MAN'S mind cannot grasp the causes of events in their completeness, but the desire to find those causes is implanted in man's soul. And without considering the multiplicity and complexity of the conditions any one of which taken separately may seem to be the cause, he snatches at the first approximation to a cause that seems to him intelligible, and says: 'This is the cause!' In historical events (where the actions of men are the subject of observation) the first and most primitive approximation to present itself was the will of the gods, and after that, the will of those who stood in the most prominent position -- the heroes of history.

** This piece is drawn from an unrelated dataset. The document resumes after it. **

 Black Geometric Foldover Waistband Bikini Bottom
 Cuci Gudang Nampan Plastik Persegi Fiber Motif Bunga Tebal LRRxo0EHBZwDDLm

But we need only penetrate to the essence of any historic event -- which lies in the activity of the general mass of men who take part in it -- to be convinced that the will of the historic hero does not control the actions of the mass but is itself continually controlled. It may seem to be a matter of indifference whether we understand the meaning of historical events this way or that; yet there is the same difference between a man who says that the people of the West moved on the East because Napoleon wished it, and a man who says that this happened because it had to happen, as there is between those who declared that the earth was stationary and that the planets moved round it, and those who admitted that they did not know what upheld the earth, but knew there were laws directing its movement and that of the other planets. There is, and can be, no cause of an historical event except the one cause of all causes. But there are laws directing events, and some of these laws are known to us while we are conscious of others we cannot comprehend. The discovery of these laws is only possible when we have quite abandoned the attempt to find the cause in the will of some one man, just as the discovery of the laws of the motion of the planets was possible only when men abandoned the conception of the fixity of the earth.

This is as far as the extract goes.